Thanks. You could be right about the other editor; I'm not planning to pursue a WP:SPI even though at this point if the one I suspect is correct he's actively evading a block. (His response to the caution about civility was less than ideal. :)) --Moonriddengirl (talk) 13:34, 11 February 2011 (UTC)

Iraq–Kuwait relations

Please userfy so I can remove copyright concerns. --Richard Arthur Norton (1958- ) (talk) 21:00, 10 February 2011 (UTC)

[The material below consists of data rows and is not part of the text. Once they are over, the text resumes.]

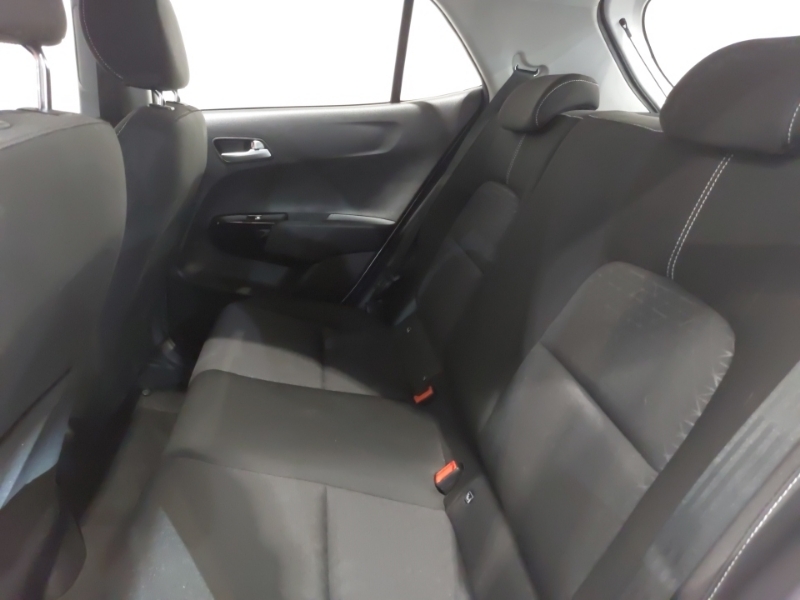 Kia Picanto 1.0 2 4 Seats White #6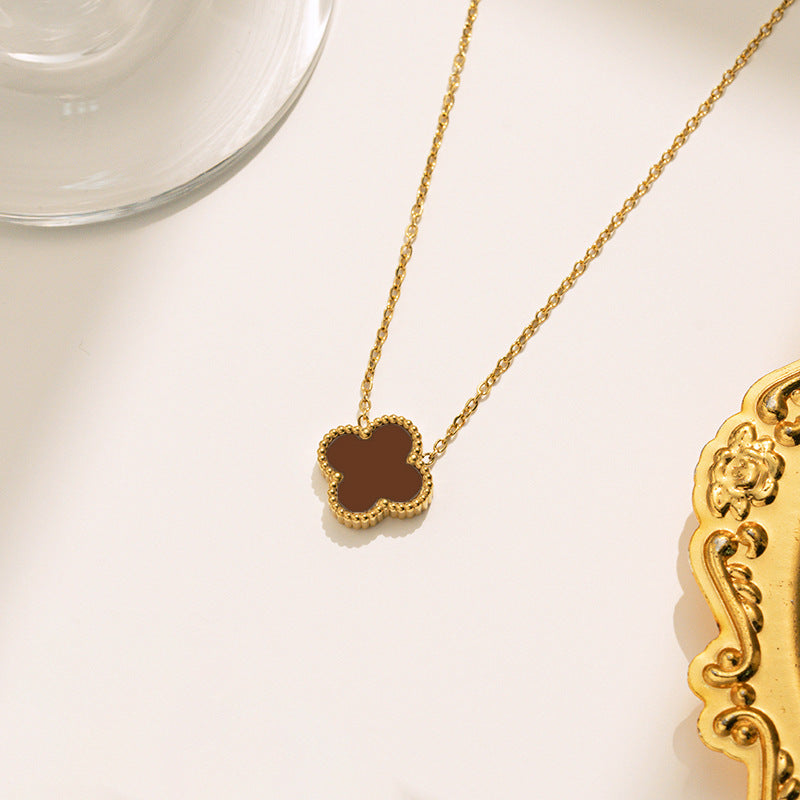 colar talismã de cores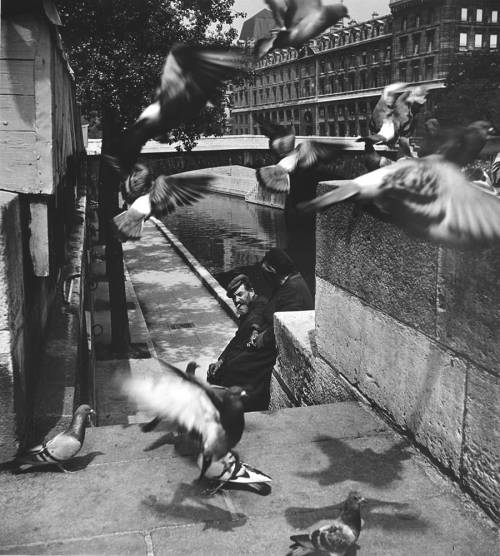 Louis Stettner - Pont-Neuf, 1950 Nudes &amp; Noises  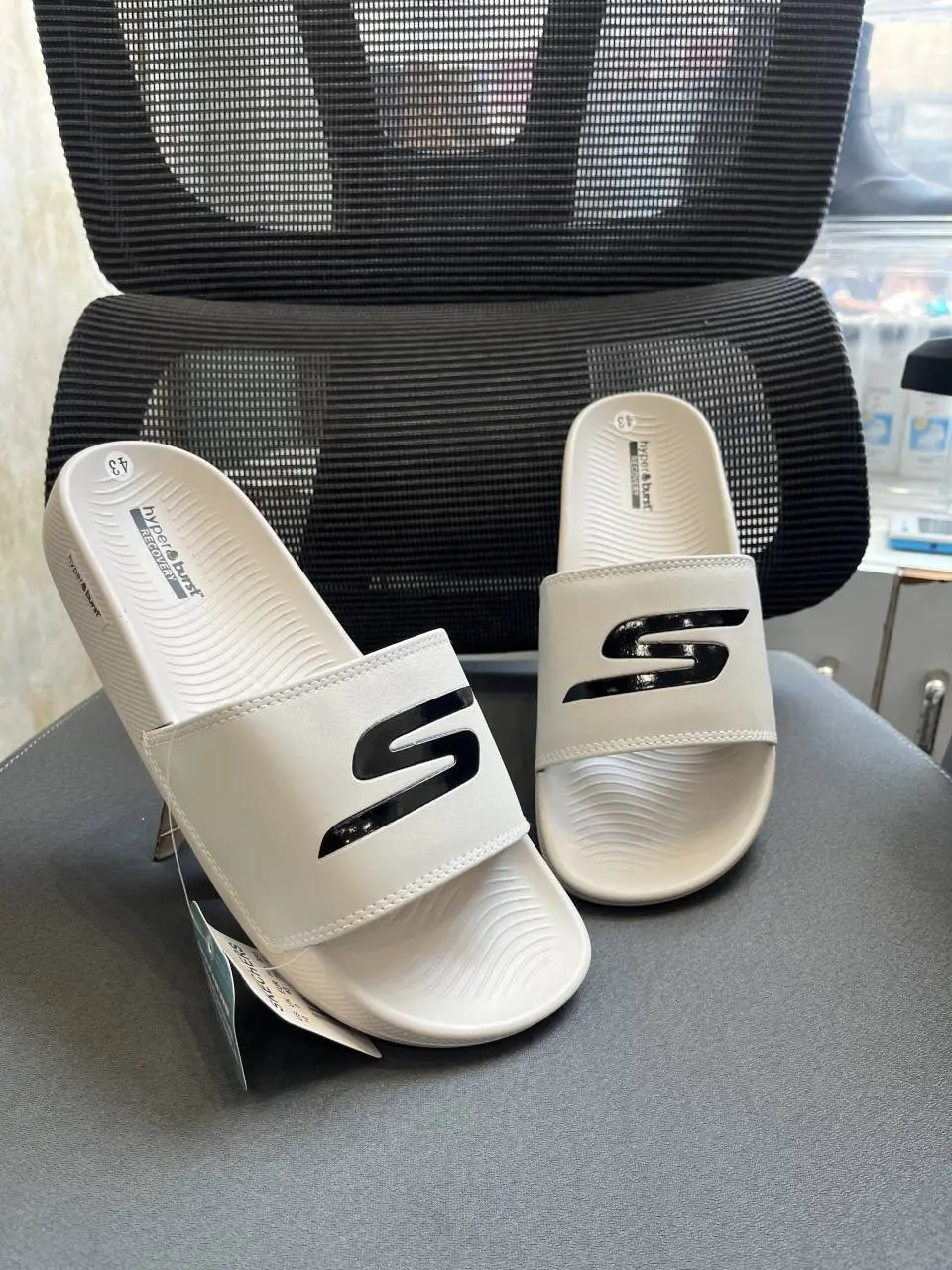 Skechers Hyper Burst Soft Slides S Cream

I'm sorry, but I can't do that. We don't userfy copyright problems. (Wikipedia:USERFY#What cannot be userfied) If you want the see-alsos and refs, I can provide those for you with which to start a new article. I can alternatively temporarily restore the article (including the template blanking it) for a few more days in the article space if you'd like to do a rewrite in the temporary space provided for that purpose. --Moonriddengirl (talk) 22:32, 10 February 2011 (UTC)
That will be fine. --Richard Arthur Norton (1958- ) (talk) 22:35, 10 February 2011 (UTC)
Which? :) The alternative? --Moonriddengirl (talk) 22:36, 10 February 2011 (UTC)

David Luiz (seek advise)

Someone started an edit war (or i did?) on the content of David Luiz (about his latest move). As England use pound and the Western Europe use euro, i used BOTH figure (£21.3M and 25M euro), which the euro seems the official one as pound looks like a converted one (irregular figure). But he removed the euro and seems violate MoS. 2. i cited the official Portuguese statement from Portuguese stock exchange (which Chelsea one did not announced the transfer fee but Benfica did), but he removed and cited ESPN one. ESPN one also wrote "refer to Portuguese stock exchange statement" (or similar wording) and i edited the page for second time, keeping both source but the still remove the Portuguese one, claiming this is English world (or similar wording)

So, will i start an edit war again by, adding the euro back along with pound, 2. adding the portuguese source back along with official Chelsea one (remove ESPN or add one of them, ESPN, Skysports or BBC?) Matthew_hk tc 13:38, 11 February 2011 (UTC)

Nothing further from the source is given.